While the tradition of public baths popularized under the Romans slowly died out in the West, it continued over many centuries in the eastern Mediterranean.
Byzantine baths in the region kept many of the same traditions of the earlier Roman baths, including trends in decoration such as intricate mosaic floors. The Umayyad caliphs (661–750) built particularly lavish private baths as an essential component of their imperial palaces or qusur. The eighth-century complex Qusayr ‘Amra in Jordan is perhaps the best known of these. The bath’s walls are covered with elaborate paintings, including scenes showing nude women bathing. However, Umayyad baths varied somewhat from their predecessors in that the cold room was removed, reception rooms were larger, bath chambers smaller, and layouts more intricate. Scholars posit that imperial Umayyad baths were settings for courtly entertainment, and indeed period literature recounts stories of drinking parties held at the qusur.

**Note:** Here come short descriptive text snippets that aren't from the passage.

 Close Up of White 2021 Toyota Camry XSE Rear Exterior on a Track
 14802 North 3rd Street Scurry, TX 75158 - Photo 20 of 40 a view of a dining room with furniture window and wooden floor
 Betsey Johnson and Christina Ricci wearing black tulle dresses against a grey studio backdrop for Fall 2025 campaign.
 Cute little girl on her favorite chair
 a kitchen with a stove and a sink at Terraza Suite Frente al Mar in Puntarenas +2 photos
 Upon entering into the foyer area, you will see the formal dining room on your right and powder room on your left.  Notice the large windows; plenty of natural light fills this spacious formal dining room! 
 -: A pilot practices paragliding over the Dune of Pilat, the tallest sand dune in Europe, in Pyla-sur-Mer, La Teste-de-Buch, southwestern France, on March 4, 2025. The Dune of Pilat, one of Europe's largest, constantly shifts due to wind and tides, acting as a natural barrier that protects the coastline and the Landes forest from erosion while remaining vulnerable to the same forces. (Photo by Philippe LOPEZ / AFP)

By the medieval period, public baths had become an important part of community life, and the quality and number of baths counted among any city’s most admired attributes. Medieval authors mention hammams alongside mosques, madrasas (schools), and gardens in their descriptions of beautiful and prosperous cities. Hilāl al-Sābi’ (969–1056), for example, estimated that Baghdad at its height had 60,000 bathhouses. While al- Sābi’ may have exaggerated, the hyperbole does effectively relay the grandeur of the Abbasid capital. Although hammams throughout the Middle East resembled each other in terms of their basic outlines, the articulation of the bath’s structure and its decoration were often regionally specific Western visitors, too, were fascinated by hammams.

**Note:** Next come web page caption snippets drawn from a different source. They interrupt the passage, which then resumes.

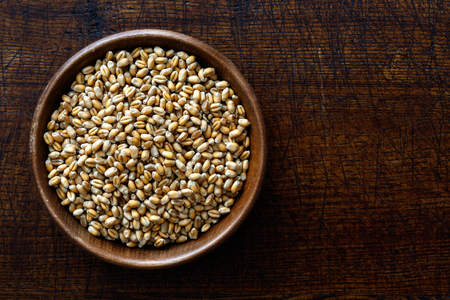 Winter wheat kernels in dark wooden bowl isolated on dark brown wood from above.の写真素材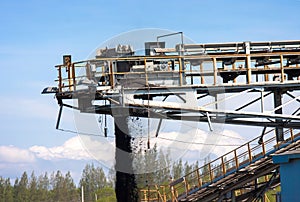 Conveyor belt carrying coal and emptying onto a huge pile.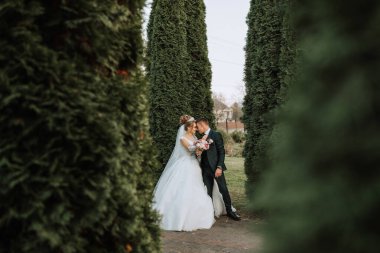 Bir gelin ve damat bir sıra ağacın önünde duruyor. Gelin beyaz bir elbise giyiyor ve damat bir takım elbise giyiyor. El ele tutuşup birbirlerine bakıyorlar. Sahne çok romantik.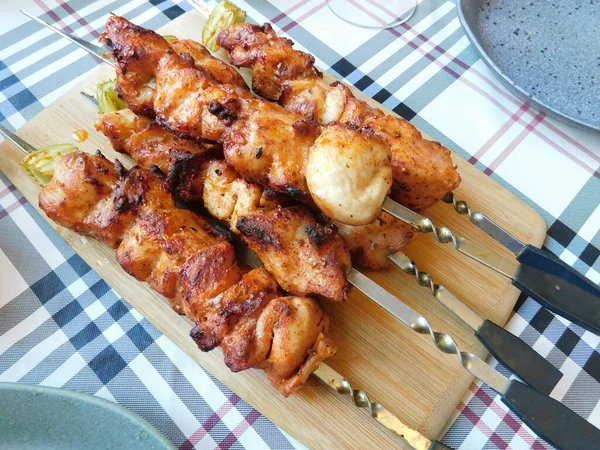 fried chicken skewer on skewers on a wooden table.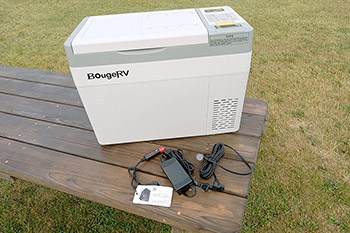 Portable fridge on picnic table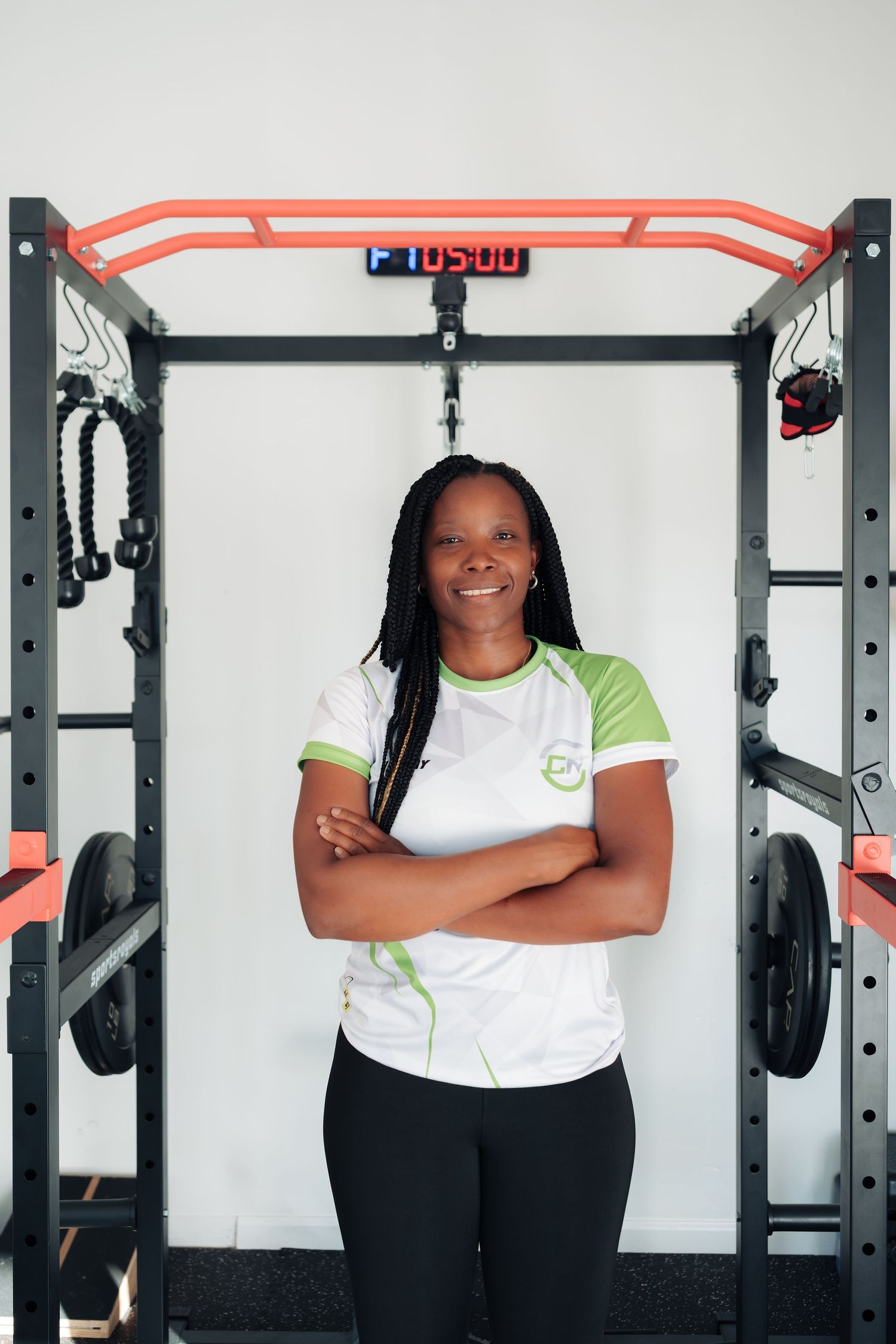 Smiling female fitness trainer in white and green shirt stands arms crossed in front of gym power rack equipment.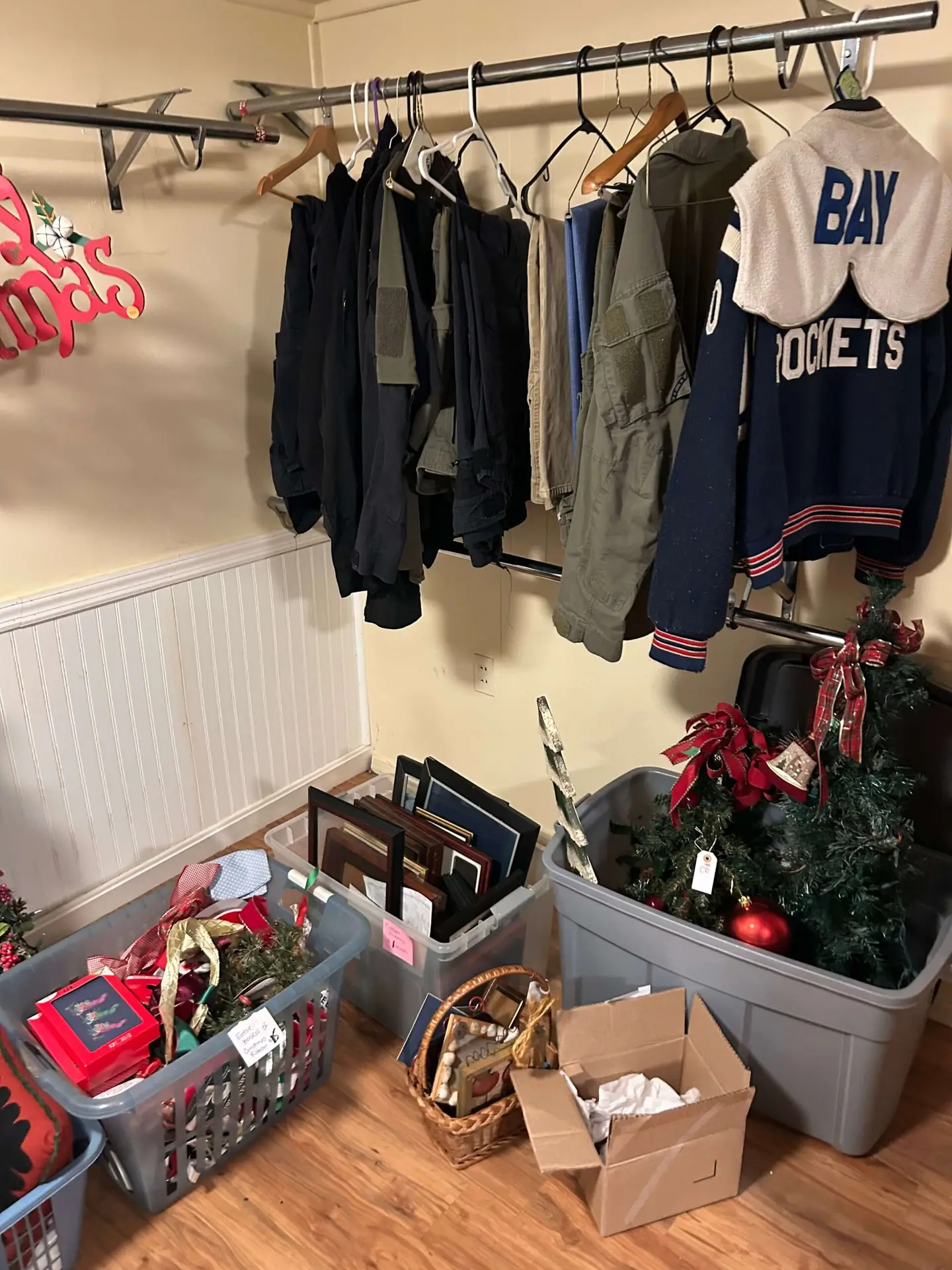orting clothes, including a local Bay Rockets jacket, and holiday decor into storage totes during a residential estate cleanout in Bay Village, Ohio.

Orientalist painters traveling in the Middle East in the nineteenth century relished depictions of scintillating scenes inside bathhouses, using the setting as an excuse for painting nude bodies and exotic architectural details.
Bathing Necessities
Although most studies of hammams focus on their architecture and decoration, no less important were the objects used in the bath. Hammams were generally single-sex, with men and women having separate bathhouses or bathing times. Some depictions of women, including a monumental torso from Qasr al-Mshatta dating to the Umayyad period, show them carrying buckets or baskets, which likely contained toiletries, perfumes, combs, and cosmetics for the bath. Necessary to any bathing experience was a good scraper, used to scrub away dead skin loosened by ambient humidity and sweat. Although bathers were mostly nude inside the hot rooms, they were required to wear clothes in the resting areas outside the heated bathing areas. Towels dried the body. In Ottoman lands, the most luxurious examples of the havlu (towel) and peştamel (bath wrapper) featured intricate embroidery. After bathing, women sometimes donned elaborate dress appropriate to their social standing. Hamam shoes count among the identifiable items associated with the bath. Elaborate Ottoman-period platform shoes (nalins) were made of wood, with intricate patterns of inlaid mother-of-pearl.
Hammams Today
Modern hammams have transformed as developments in plumbing have rendered many of their services obsolete. Whereas people once regularly went to the public bath to get clean, today’s preference for the convenience of the home bathroom has caused the widespread decline of the bathhouse. The baths of Cairo praised by medieval authors, for instance, today lie mostly in ruins. Relatively few clients and spiraling energy costs for heat and water have made the bathhouse an impractical business enterprise. In other places, like Turkey, the hammam has died out as a place for personal hygiene, while retaining a ceremonial role, particularly for bridal preparations. In some regions, however, bath culture thrives. In Syria and Tunisia, for instance, it is possible to find both simple neighborhood baths and fancier institutions akin to Western spas. Although current-day hammams vary greatly in their levels of comfort, all offer the world-weary bather the opportunity for a good sweat, an invigorating scrub, and copious amounts of sweet tea.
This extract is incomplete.